To find the restaurant’s average number of employees, you need the following information:
- There were 4 months with 36 employees. 36 × 4 = 144.
- There were 6 months with 40 employees. 40 × 6 = 240.
- There were 2 months with 42 employees. 42 × 2 = 88.
- There are 12 months in the year.
Then average the number of employees like this:
|144 + 240 + 88 = 472
472 ÷ 12 = 39.33
So that restaurant’s average number of employees for the year was 39.33. Now suppose they had 15 terminations over the year. Their average employee turnover rate would be 15 ÷ 39.33 × 100, or 38 percent.
According to the Bureau of Labor Statistics, the average turnover in the accommodations and food services industry is 72.5 percent. So it appears that our example restaurant has a pretty low turnover rate compared to similar businesses. You can also check the BLS chart for your industry’s annual turnover rate.
Is Your Employee Retention Rate “Healthy”?
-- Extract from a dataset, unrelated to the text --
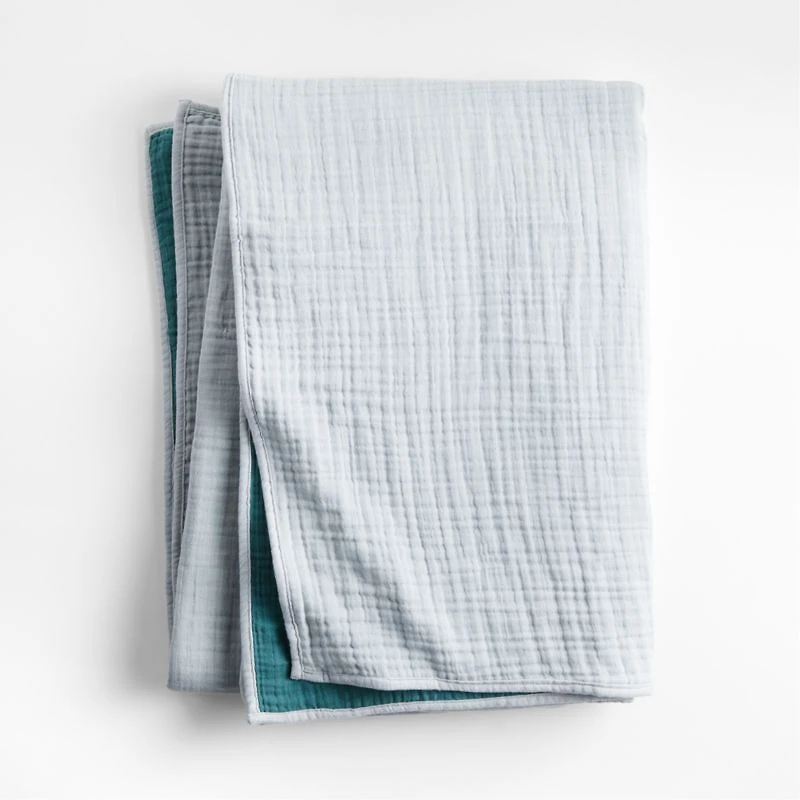Organic Reversible Cotton Gauze Light Blue Kids Twin Blanket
In our example above, we know the restaurant’s annual turnover rate is 38 percent. That means that their employee retention rate is 62 percent. But is that healthy?
That’s a bit subjective. If the bottom 38 percent of the staff is underperforming, and that’s where the separations are coming from, then you could call it healthy.
But what if your business is losing its top performers? Then it wouldn’t matter much if the rate were lower or higher than the industry average. Turnover is costing you good employees, and that is costing you money.
How to Improve Your Employee Retention Rate and Reduce Turnover
If you are losing too many of your star employees, you need a new retention plan. Here are five steps you can take to keep people on board longer.
1. Hire the right people.
During job interviews, look for qualities like commitment, diligence, and perseverance. Train your hiring managers to ask candidates why they want to work for you, and only hire people who sound like they’re excited about your company and the work you do. And it never hurts to infuse people analytics into your hiring process.
You should also be sure that new hires understand what they’re signing up for. If the job requires late nights, travel, and weekend work, be sure to let them know upfront. People quit jobs that turn out to be different from their expectations. Speaking of which, a good exit interview can help you flush out the problems. Here is an infographic from our friends at Blink to help you:
2. Pay competitive wages.
Do a little research, and make sure you are paying at least as much as your competitors. Look for good HR Software that offers compensation management and research tools.
3. Provide the best company culture.
A good workplace culture is important to retaining employees. You want your employees to view your company as a comfortable, positive place to work. They should enjoy being around their coworkers, and feel supported with all the training and resources they need to do their job properly.
4. Offer praise and recognition for a job well done.
Everyone wants to know when their work is appreciated, and your employees are no different. If you can afford it, you can offer financial incentives. But public praise or even a simple “thank you” will work pretty well too.
5. Help them advance their careers.
One of the primary reasons that people leave their jobs is to advance their careers. If you want to prevent this from happening at your company, there’s a simple solution to that. Give them opportunities to advance!
This is especially important with your top performers. Ask them where they would like to see themselves in a year, two years, and so on. Then help them lay out a plan to get there within your company. When people feel like their boss is invested in their personal futures, they tend to want to stay where they are.
Every employer will have at least some turnover. But your goal should be to have the highest employee retention rate as possible. Follow these guidelines to give your employee retention rates a boost.